And I'm like, oh, yeah, you shouldn't have done this.
This picture that you took, it's not cute.
It's not cute.
Your dog's in trouble right now.
I'm trying to rack my brain to be like,
what are the fun things from the news this year
to sort of transform into fun Halloween costumes?
And all I can think of is just fire and brimstone in hell.
That's a dry well, by then.
That is a dry well.
This year has been maybe the worst to date in the history of life.
One of the fun things from the news.
Yeah.
Kind of tough to pan for that goal.
There's bound to be some fun things happening in the news.
We got some original riddles here from Andrew Brisees.
He knew I wouldn't be able to pronounce his full name.
B-R-I-S-C-E-S-E.
B-R-E-S-E.
Is that a Greek name, B-S-E-S-E?
I don't know.
What about this?
You wear like a nice suit and then you like covered yourself and like watered up paper and you go as Trash Patel.
I don't know.
I don't know if we're even in the mood to laugh about anything.
Do you know what I mean?
Like I just feel like it's done.
The guy shows up as Trash Patel and someone's like, hey man, it's just like no one's really in the mood for Trash Patel.
And we can, we understand what you did, but no one really wants to be here with Trash Patel at this party.
So...
I get it.
I get it.
Yeah.
I did something really wrong.
I get it.
Yep.
So, Andrew actually wrote us two emails.
One in June of last year?
Yes.
Well, Aaron, here's a good way to tell.
What does the year say?
Hold on.
If it's going to say...
If it says 2024, Aaron, that's last year with a bullet.
Well, he actually, I think, has sent three emails.
One in 2023.
Okay.
Well, then he needs to stop.
And then one in, uh, 2024 and then one recently in 2025.
So these are kind of riddles that have been slowly dripping in from Andrew.
Um, don't say dripping in from Andrew.
Okay.
Sorry.
I'm sorry.
Get a hold of yourself.
Well, before we get started, I want to read what Andrew said.
Okay.
I love your show and have listened to every episode of Hey Riddle and Clue Crew twice and
I'm working on a third time.
This is the one from 2023.
Oh, man.
I hope that the 2024 when it's like,
Hey, guys, did it the third time.
Big mistake.
Truly shouldn't have done that.
And then Andrew gave us an update in 2024.

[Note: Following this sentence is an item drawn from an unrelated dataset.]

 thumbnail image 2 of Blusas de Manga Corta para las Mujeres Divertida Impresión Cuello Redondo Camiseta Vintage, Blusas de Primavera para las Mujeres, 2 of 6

I just wanted to update you on how many times I've listened to the show.
I've now listened to every episode of both Hayward and Roodle and Clue crew five times.
Andrew, no.
In case you were wondering, I listen at a normal one X speed and don't listen while sleeping.
I just listen all day because I have issues.
Anyways, in one episode, Aaron said anyone who listened to every episode five times would be thrown a parade.
So I'll be expecting that any day now.
So before we do Andrew's riddles, I want you guys to do, you know when they have the Macy Thanksgiving Day parade and they have like two people from NBC sort of narrating what's happening.
I want you guys to be the two hosts of the Andrew five time listening to Hey Riddler Riddles parade and sort of commentate on what you see in the parade.
And thanks, everyone, for joining us here.
We're back at the five-time listener parade.
This is, of course, for listener, Andrew Shijewski.
Not sure how to say that.
Dan, you want to take a stab?
No.
Yeah.
Didn't think so.
Of course, Dan, our color commentary,
he's going to let us know what floats are passing by outside the window as we speak.
Huh, that's what I'm going to do?
Yeah, and then my job is to sort of the interstitial,
Gab
All right
Wait, hold on
Hey guys
Leave the fight at the bar last night
Let's just focus on the parade
Okay
The color commentary guy
His job is not
The interstitial gab
Could you hear me?
Could you hear me?
Yeah, Jennifer Monster Popcorn
My character takes their headset off
He throws it
Oh I think Dan just quit
Right?
No, no I'm still on mic
I'm just not taking producer notes today
Of course
Here comes one of the
the biggest floats that we have in the five-time listener parade.
Dan, you want to tell us what float that is?
That's Snoopy, of course.
It wouldn't be a five-time listener parade without a big fucking Snoopy in the air.
Mm-hmm.
Of course, floats are hard to make and even harder to sustain with helium and manpower.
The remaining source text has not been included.